First, I make sure that everyone will be able to see the R code, set echo=“TRUE” for the whole document.
knitr:: opts_chunk$set(echo=TRUE, results = "asis", cache = TRUE)
This project is part 1 of course project for my Statistical Inference course that I took on Coursera. This is course number 6 out of 10 courses that I am taking for the Data Science Certificate from Johns Hopkins University through Cousera.
In this project, I will investigate the exponential distribution in R and compare it with the Central Limit Theorem. The exponential distribution can be simulated in R with rexp(n, lambda) where lambda is the rate parameter. The mean of exponential distribution is 1/lambda and the standard deviation is also 1/lambda. Set lambda = 0.2 for all of the simulations. I will investigate the distribution of averages of 40 exponentials. Note that I will do 1000 simulations.
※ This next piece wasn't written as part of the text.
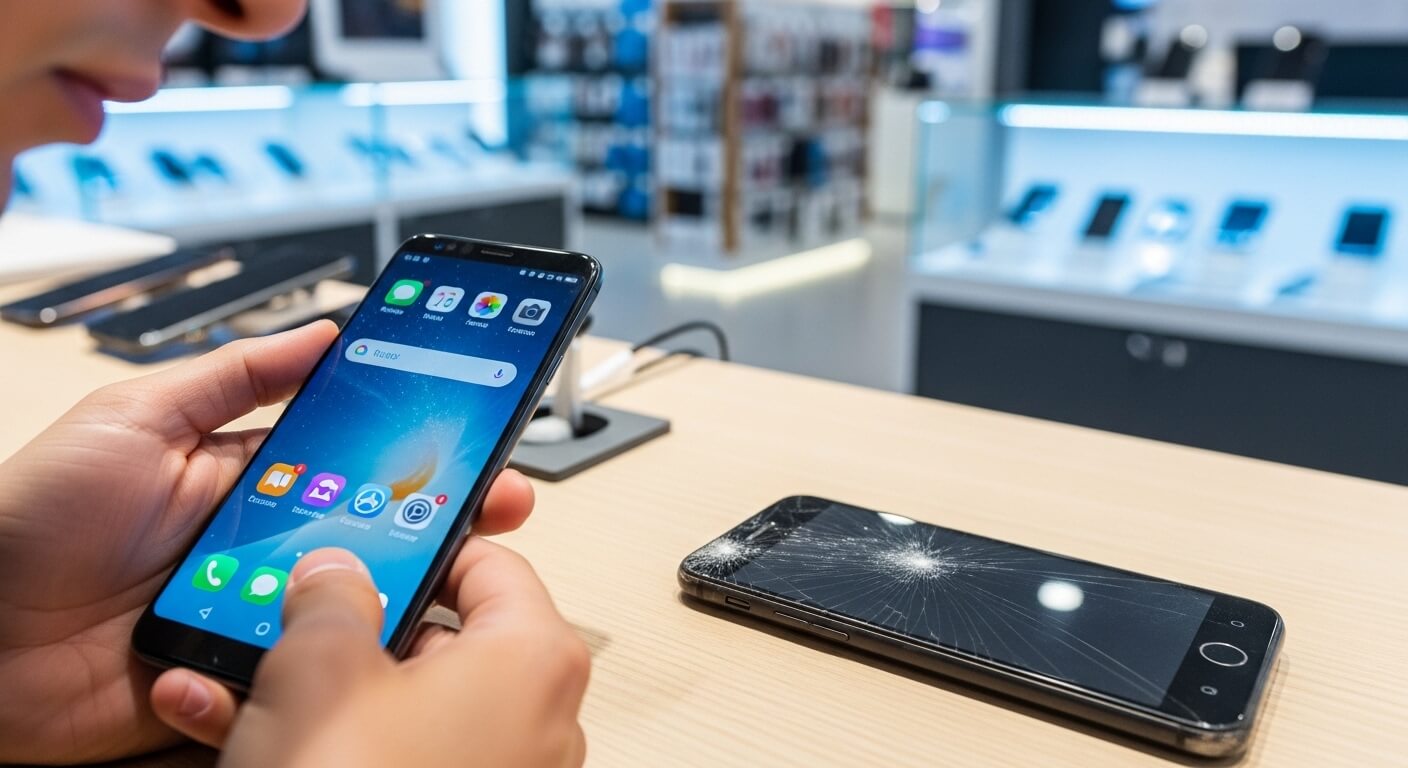 Person holding a smartphone with a cracked screen phone on the table in a tech store.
Set up some constants:
lambda = 0.2
n = 40
sim = 1000
set.seed(12345)
Creat a matrix of 1000 rows and 40 columns of exponential distribution, then calculate the mean of each row:
matrix = matrix(rexp(sim * n,lambda), ncol = n, nrow = sim)
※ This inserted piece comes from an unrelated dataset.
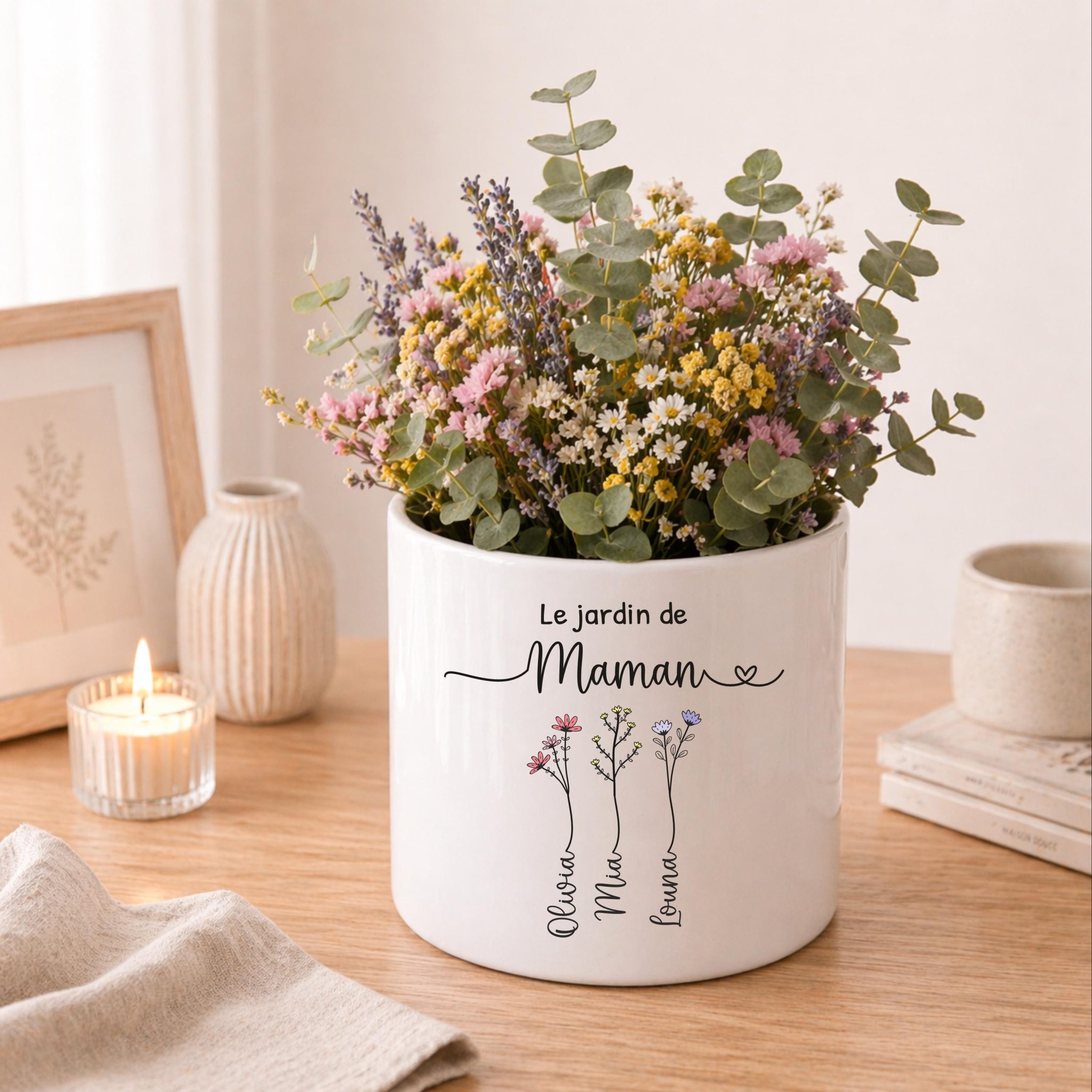 Pot de fleurs personnalisé “Le jardin de Maman” – fête des mères, vase mamie, cadeau anniversaire noël maman mamie, idée fête maman fleurs — idée cadeau maman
mean_row <- rowMeans(matrix)
Make a histogram of the mean of exponential distribution:
hist(mean_row, xlab = "Mean of 40 exppnentials", ylab="Frequency", col = "green", main = "Distribution of the mean of 40 exponentials")
Compare sample mean vs theoretical mean:
sample_mean <- round(mean(mean_row),3)
theoretical_mean = round(1/lambda,3)
Sample mean is 4.972 and theoretical mean is 5. They are close enough.
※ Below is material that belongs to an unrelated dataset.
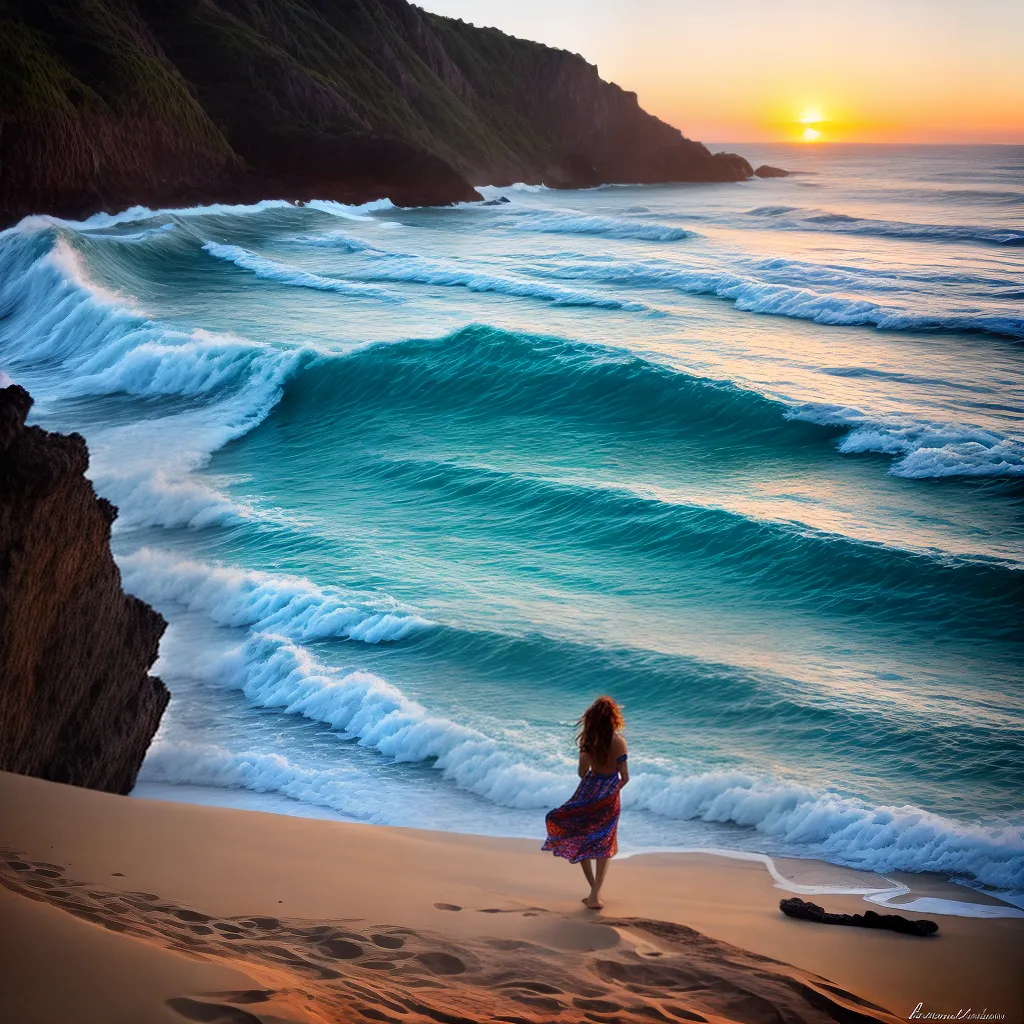 mulher sorridente chapeu vestido praia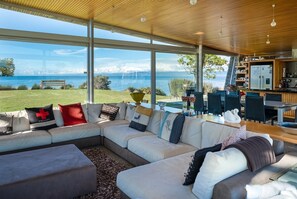 Smart TV, chimenea, reproductor de DVD y estéreo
Comapre samle variance and theortical variance:
sample_variance <- round(var(mean_row),3)
theoretical_var = round(((1/lambda)^2)/n,3)
Sample variance is 0.616 and theoretical variance is 0.625. Again, they are close enough.
Now, I want to investigate to see if the distribution is approximately normal Now I will show histogram of the mean of exponential distribution and normal distribution with mean = 1/lambda, sd= sqrt((1/lambda)^2/40).
hist(mean_row, breaks = 40,prob=TRUE, col = "green", main = "Histogram of mean of 40 exponentials", xlab = "Mean of each row")
lines(density(mean_row),col = "black", lwd = 2)
curve(dnorm(x,mean=5,sd=sqrt(theoretical_var)), col="red", add=TRUE, yaxt="n", lwd = 3)
legend(6, 0.4, legend=c("Normal Distribution", "Mean of exponential distribution"),col=c("red", "black"),lty = 1:1, cex=0.8)
We can see that the histogram approaches a normal distribution.